Well, I did something I have tried to avoid... I ran out of the Newman's Own dog food that K & C have been eating for years. My "rule" is that I keep two bags at all times and when I open the 1st bag, I then buy another, so I always have one unopened bag. I just didn't want to get caught with the store being out of the food. 

Well, somehow I managed to run out! I was totally out of food and when I got to Earth Fare to get some, there was no Newman's ... the shelf was bare! I was totally panicked. So, I started looking at what else they had and Castor and Pollux Organix caught my eye.
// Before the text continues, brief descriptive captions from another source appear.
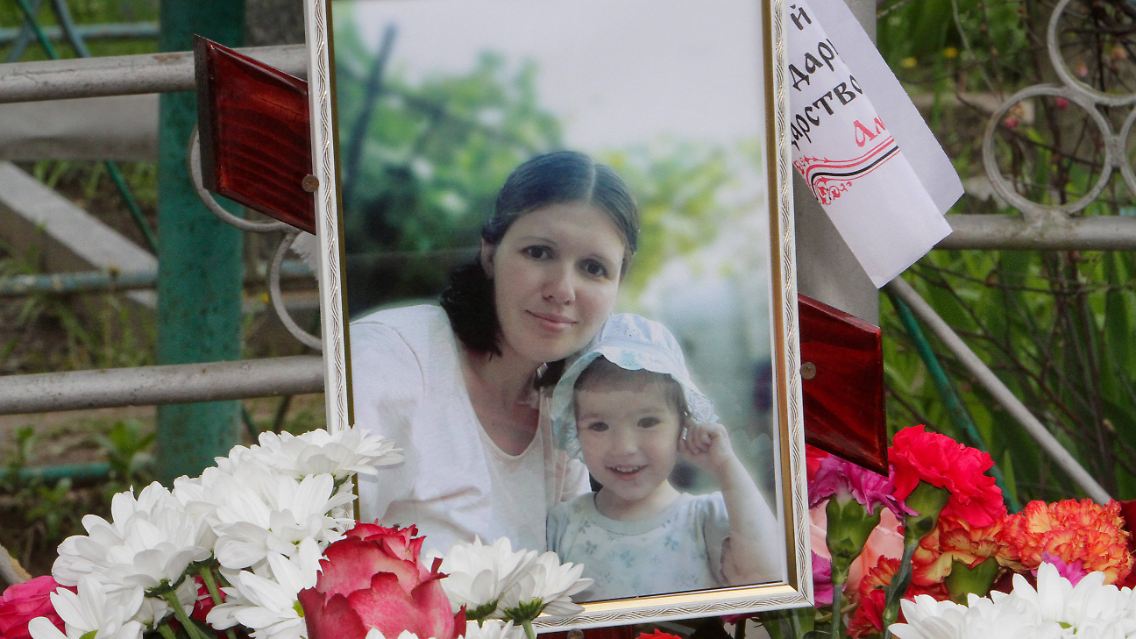 Das zweijährige Kind und seine 31-jährige Mutter starben durch einen russischen Luftangriff Ende April.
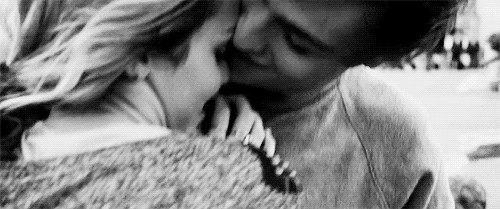 情侣 爱情 幸福 拥抱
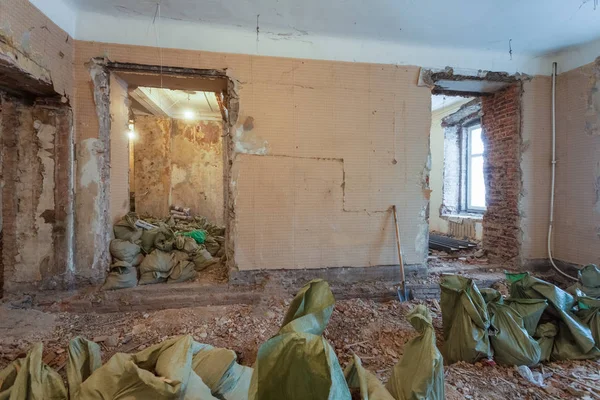 Desmontagem Interior Apartamento Antes Atualizar Remodelar Renovação Extensão Restauração Reconstrução — Fotografia de Stock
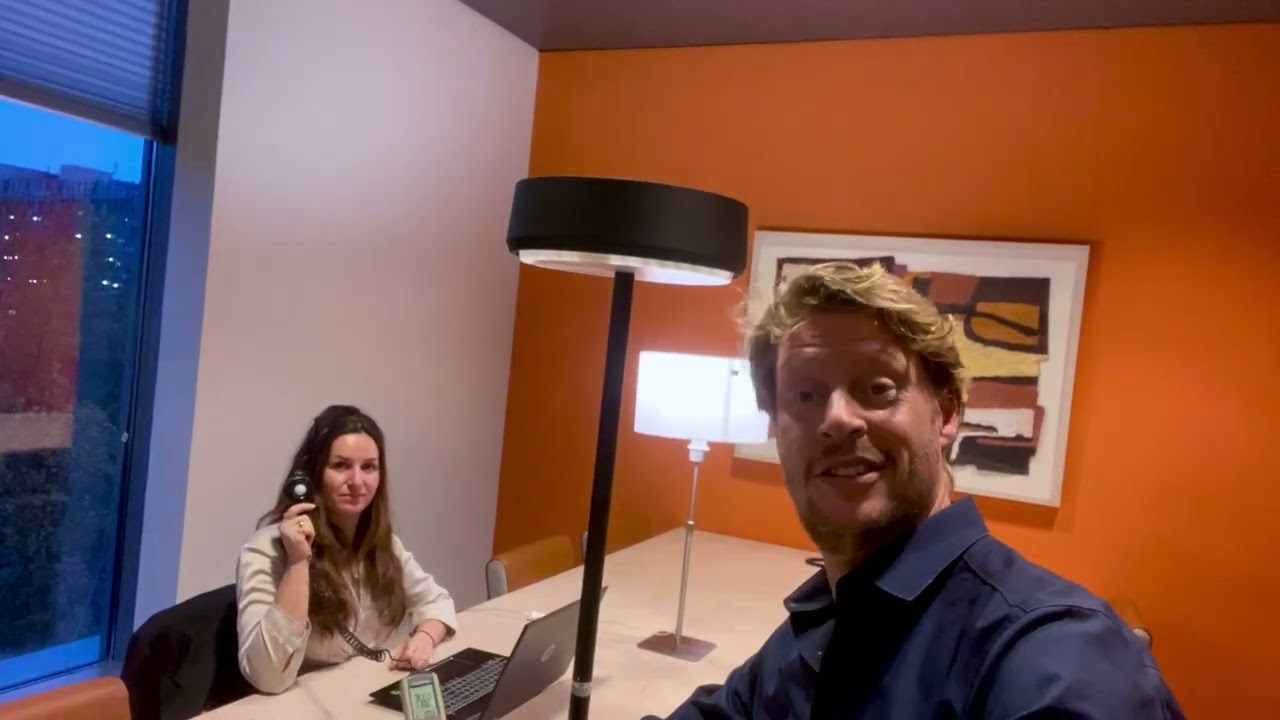 Being indoors, Sparckel with Anne vs regular light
I was impressed with the ingredient list so I bought some and K & C totally love it. Since it is chicken based, as was Newman's, they haven't had any stomach upset at all. But ideally, I would have liked to have introduced it slowly. 

I don't plan to go back to Newman's as I like these ingredients even better. I had a little panic when I saw that it has salmon meal in it because I assumed it was the cheap farmed salmon that is full of PCBs and mercury. I wrote the company and got an answer right away that it is wild salmon. The company is located in Oregon and they have a good supply of salmon there. She said that they are regulated by what they can say in the ingredient list but would add that info to their Web site. She even got my address so she could send me some free treats for bringing up the salmon question which triggered their realization that they should mention that the salmon is wild on their web site. 

Their site says they sell the brand at Petco but not all formulas are sold there. I love that it is organic. I am not a fan of pesticides for myself or K & C.

We use the kibble... here's the info below. 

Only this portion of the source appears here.